Apr 02 2015

Lunar Cycle Effects Busted

When I was an intern doing a rotation in the emergency department, on one particularly busy shift a nurse commented (to no one in particular) that it must be a full moon. I habitually look at the moon and generally know what phase it is in (right now it is a waxing gibbous, almost full), and so I knew at the time that in fact there was a crescent moon in the sky. I informed her of this. She gave a disappointed look and then went on with her work without any apparent further thought on the matter.

The episode struck me at the time. It seemed to me that I just witnessed a clear example of confirmation bias – what if it had been near a full moon? That would have confirmed her prior belief in a lunar effect, while this negative correlation was brushed aside and likely did not have any negative effect on her belief. (Although, my interpretation and memory of this event can itself be an example of confirmation bias regarding confirmation bias.)

Belief in the so-called lunar effect, that the phases of the moon exert an influence on human behavior with the most common element being a full-moon inducing extreme behavior, is very common. In my experience it is one of the most common pseudoscientific beliefs I encounter in the general public. One survey indicates that 43% of adults believe in the lunar effect, especially mental health professionals, including nurses.

When someone expresses such a belief to me I often use it as an opening to discuss skeptical principles. While belief in the lunar effect is widespread, it is usually not part of any emotionally held religious or ideological belief. It is therefore an excellent teaching opportunity. One question I like to ask is, “how do you think that works?” The most common answer I receive is probably the least plausible – that the tidal effects of the moon influence the brain because the brain is sitting in water (spinal fluid).

The tidal effect answer is incredibly implausible for a number of reasons. Tidal effects depend upon distance, and the difference between one side of the skull and the other is insignificant when compared to the distance to the moon (very much unlike the difference between one side of the earth and the other). Further, the phases of the moon do not directly relate to its tidal effects. They are related to the relationship between the lunar tidal effects and the solar tidal effects (because the sun has a tidal effect on the earth also), but that is an even more subtle effect. Further, if it is the alignment of lunar and solar tidal effects that are important, then new moon would have at least as much of an effect as full moon.

There is some plausibility to the notion that the light from the near full moon is what is important. Perhaps the persistence of light at night has a hormonal effect on the human brain, or simply the availability of light influences our willingness to go outside and cause havoc. Modern technology, however, has destroyed any such effect if it existed. We spend our days inside and our evenings with artificial light. Any natural daily light cycle has been obliterated (which may cause its own problems, but that’s another article).

In any case, suffice it to say that the plausibility of a lunar effect on human behavior is extremely low, but I will grant it is non-zero. What about the actual evidence? Every alleged lunar effect – hospital admissions, crime, birth, suicide, etc., has been shown to be false. No correlation holds up to scientific scrutiny.

A recent study now gets added to the list – No Evidence of Purported Lunar Effect on Hospital Admission Rates or Birth Rates.┬áThe study is a reanalysis of data from a 2004 study purporting to show a lunar effect for hospital admissions, however the authors point to statistical errors and their analysis shows no effect. They also review the literature on a lunar effect for birth rates, finding a consensus that there is no effect, and they discuss the persistence of a lunar cycle belief among nurses.

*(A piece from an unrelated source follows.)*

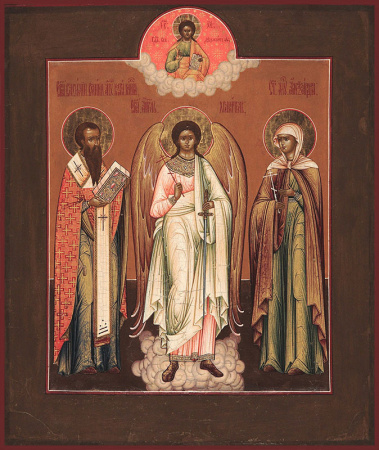 Василий Великий святитель, Ангел Хранитель, Александра мученица, купить икону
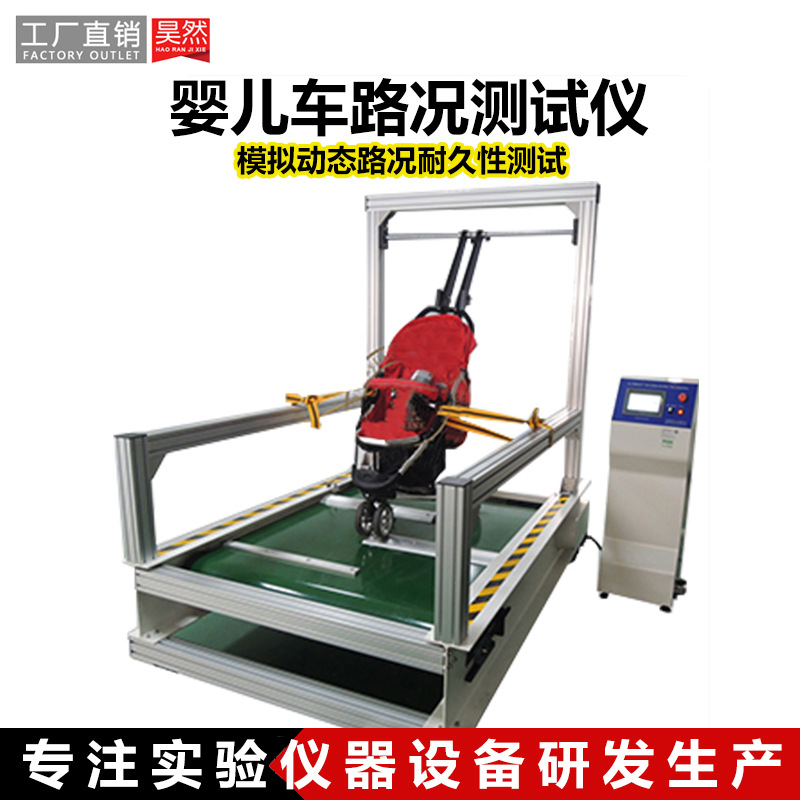 婴儿车路况测试仪 模拟动态路况耐久性测试仪 婴儿车寿命试验机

This is an old myth that has been debunked numerous times, but that is also part of the point. Despite this, belief in the myth remains high. It is therefore necessary to revisit it from time-to-time, especially when there is new data available.

Of course, the more interesting question is always, why to people believe in something so implausible and false? Assuming that the scientific data is accurate and therefore there is no lunar effect, people form a strong belief in the effect despite its absence. It seems that all that is necessary for such beliefs to form is a pre-existing cultural belief (and maybe not even that) and the mischievous influence of confirmation bias.

In fact, I would rank a thorough understanding and appreciation for confirmation bias on my short list for the most important principles of critical thinking. It is a all-purpose, powerful, and pervasive cognitive bias. It is why (as Gilovich pointed out) husbands arrive at the firm belief that they always put the toilet seat down, while wives arrive at the firm belief that their husbands never put the toilet seat down, even though both parties must be operating off the exact same set of data.

Another way to state this is that there can often be a profound disconnect between belief and reality. It is curious that our brains evolved such a powerful and seemingly counterproductive tendency. I suspect it is an epiphenomenon only. There is also an available fix – logic and critical thinking. We need to foster a healthy skepticism towards our own beliefs, and realize how profoundly wrong our memories and perceptions can be. The skeptical position is the humble position. Despite the fact that your memory suggests a strong lunar effect, it may not actually exist and may solely be due to flawed perception and memory.

I know I am beating a familiar drum, but it bears frequent repeating. This is the core principle of critical thinking that I wish were more widespread.

The lunar effect is a great way to demonstrate confirmation bias – belief is very common, the concepts are easily understood, and yet emotional investment is usually quite low. It is critical thinking education gold.